• **Work instructions**:
From the entries below, print exactly the span beginning with the line holding "2010 Toyota RAV4" and ending with the line holding "A várandós Pippa", endpoints included, and skip any pictures.

• **Materials provided**:
******************************

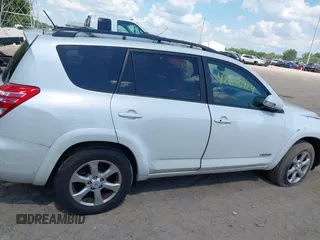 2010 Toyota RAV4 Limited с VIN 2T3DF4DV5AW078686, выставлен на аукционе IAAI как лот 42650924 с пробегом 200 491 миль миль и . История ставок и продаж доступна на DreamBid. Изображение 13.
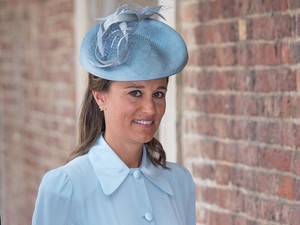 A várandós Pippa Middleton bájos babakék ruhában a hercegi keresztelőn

******************************

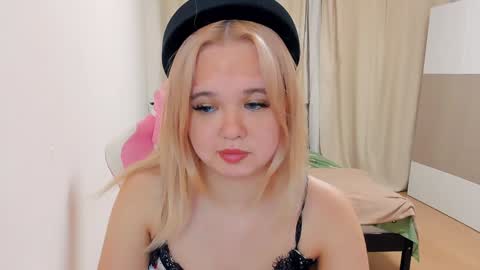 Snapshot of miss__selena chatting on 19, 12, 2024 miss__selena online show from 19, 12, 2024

******************************

• **Output for this exercise**:
 2010 Toyota RAV4 Limited с VIN 2T3DF4DV5AW078686, выставлен на аукционе IAAI как лот 42650924 с пробегом 200 491 миль миль и . История ставок и продаж доступна на DreamBid. Изображение 13.
 A várandós Pippa Middleton bájos babakék ruhában a hercegi keresztelőn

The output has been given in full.